NINA: Well, and I’m interested to see how the “learning computer” part plays out through the rest of the series, ‘cause Amuro makes note as he’s flipping through the computer, “Oh! It’s a learning computer.” Which, we ​ ​ really haven’t seen what that means yet. Does it mean that in certain ways it’s going to make up for Amuro’s deficiencies, or it’s going to adapt itself to Amuro, or it’s going to adapt based on the combats it’s in? It’s going to become better in certain ways because of the types of mobile suits it’s fighting and the types of missions it’s on? Thom can’t say anything because--

THOM: I decline to comment on the grounds that I already know the answer

NINA: --right, but I am very interested to see what that looks like.

THOM: And of course, this is really cutting-edge science. The idea that computers can learn things was, at this point, science but not, not by very much.

NINA: Barely out of the realm of science-fiction.

THOM: Yes, exactly, and so probably they did not yet know what it meant when they started hypothesizing what a learning computer in a battle robot was going to be able to do.

NINA: One of the things that I’ll go into in more depth later on is how many anime aimed at young people provide children with something that enables them to compete on a level with adults, and--

THOM: Now I’m thinking about Sailor Moon and all of the transformations, the kind of Shazaam-esque ​ ​ ​ ​ temporary growing up.

NINA: Well, or, or even things like Pokémon and Yu-Gi-Oh! where the age of the trainer is actually irrelevant, ​ ​ right?

THOM: Mm-hmm

NINA: Like, it’s all about your pokémon and so if you have good enough pokémon it doesn’t matter how old you are, or how old your opponent is--

THOM: Mm-hmm

NINA: --and the same thing in a Gundam. I mean, everybody talks about Char, and we get the impression that he is very young--

THOM: Yeah.

NINA: --but has been fighting for long enough that he, he talks like an old veteran.

[THOM laughing]

NINA: “The mistakes we made in our youth.” ‘Cause he’s not young anymore, I guess? I don’t know.

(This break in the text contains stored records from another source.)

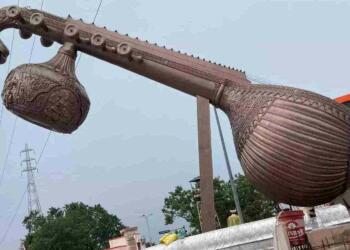 Lata Mangeshkar chowk veena
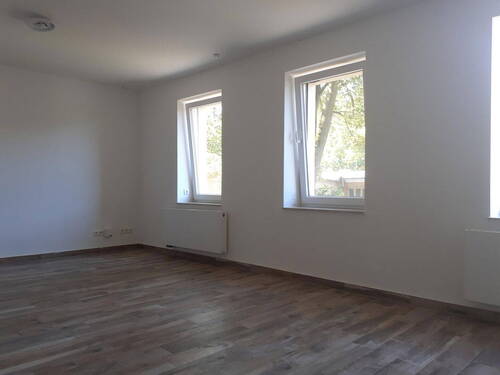Wohnzimmer (Beispiel) - ERSTBEZUG NACH SANIERUNG! 2R-Wohnung in ruhiger Lage + Stellplatz, ca. 42 m²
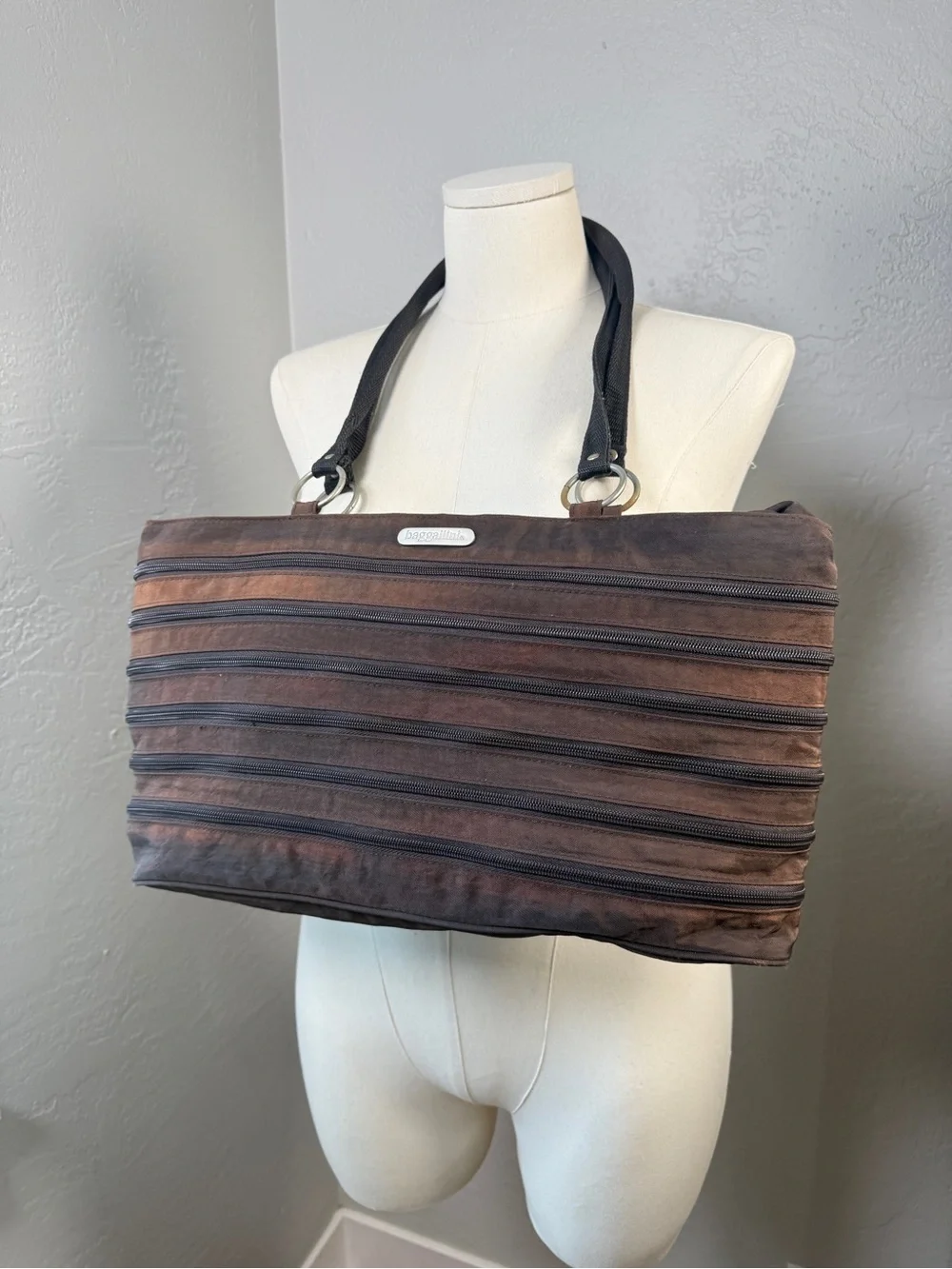 Baggallini Expandable Zip Around Travel Tote Brown Red Large Bag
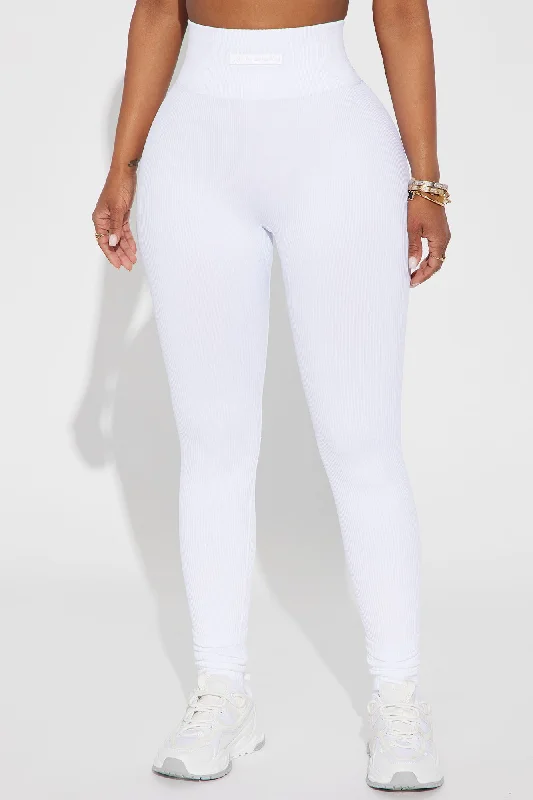 Fighter Ribbed Active Legging In Infinity Seamless - White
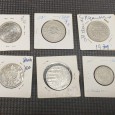 Seis moedas sendo 50 centavos de Cabo Verde, 20 escudos de Moçambique de 1955, 1960 e 1971, 50 centavos de 1928 de Angola e 20 escudos de 1971
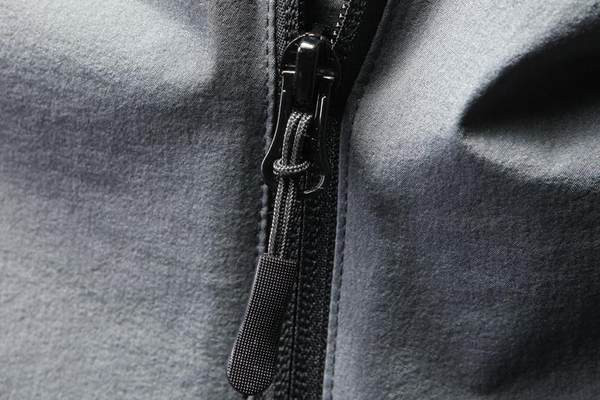 Ανδρικό φούτερ με φερμουάρ και τσέπες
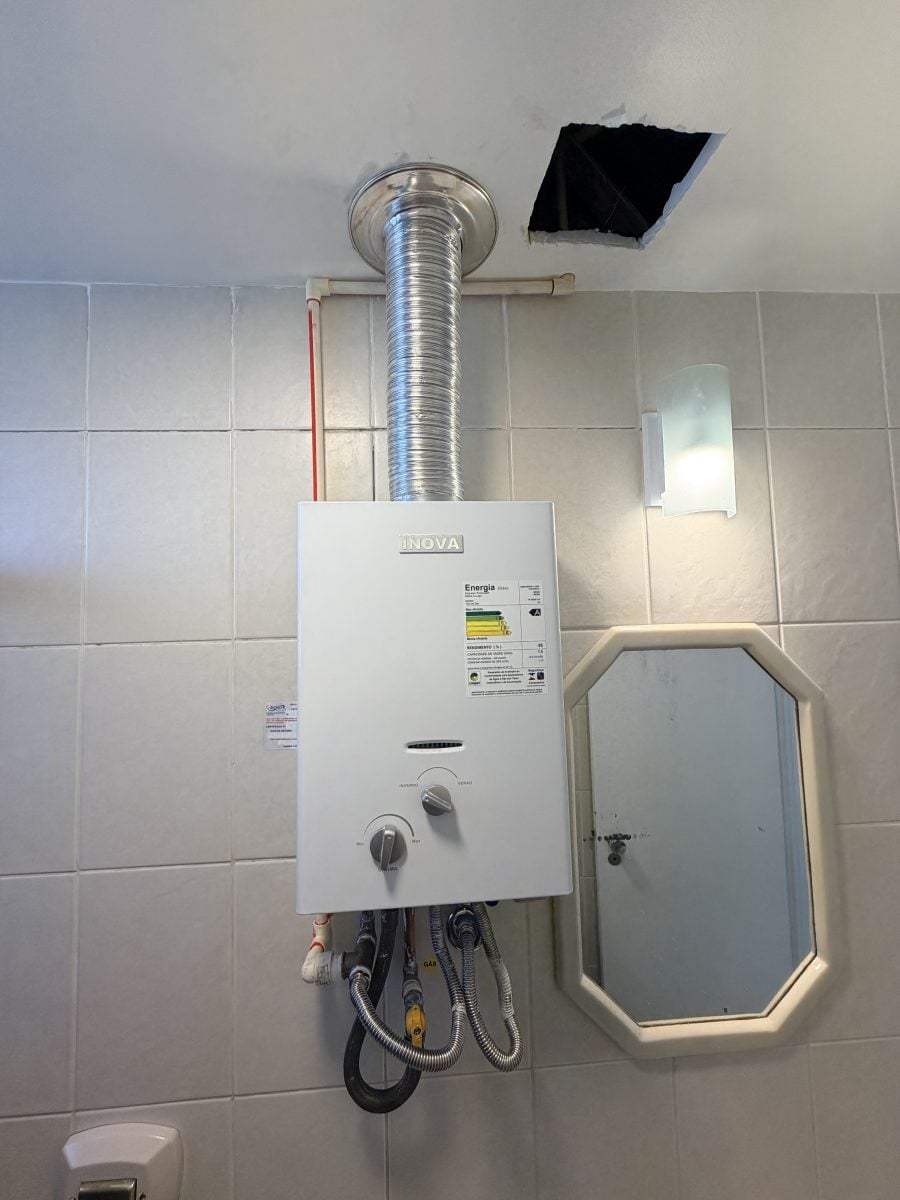 Manutenção de aquecedor a gás — foto 2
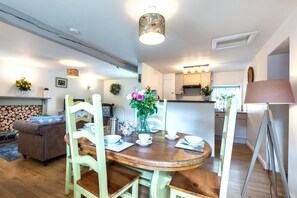Dining - 2 Bed in Pateley Bridge (oc-ds127) (Castlestead)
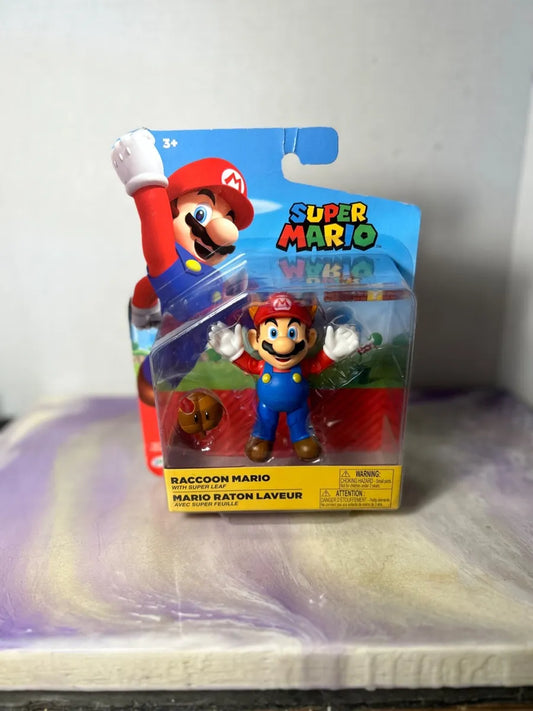 World of Nintendo Super Mario Action Figure 4-Inch Raccoon Mario w/ Super Leaf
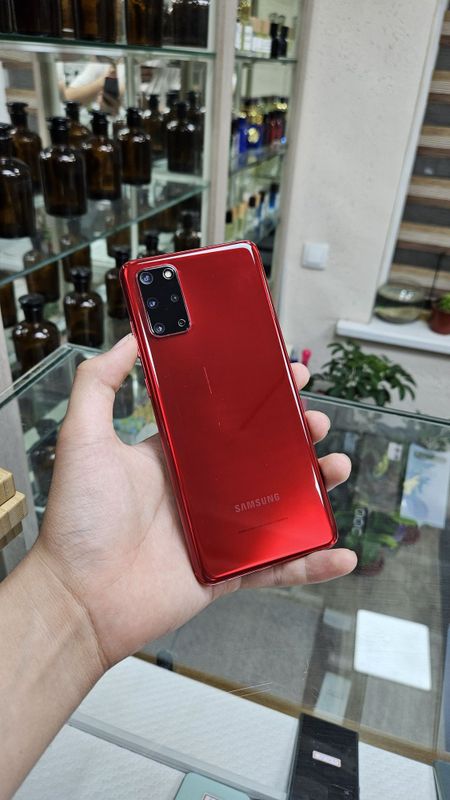 Samsung S20+ 5G Samsung S20+ 5G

THOM: Well that’s a very, that’s a very ambiguous line. I don’t know [if] Char is talking about himself, or his subordinates, or in some way, about Amuro--’cause he can’t possibly know about Amuro at that point, but I think that the artistic intention of that line is to refer to Amuro and the, not quite patricide, but the--

NINA: Blowing a hole in the exterior…

THOM: --blowing a hole in the side of the colony that caused his father to become lost in space.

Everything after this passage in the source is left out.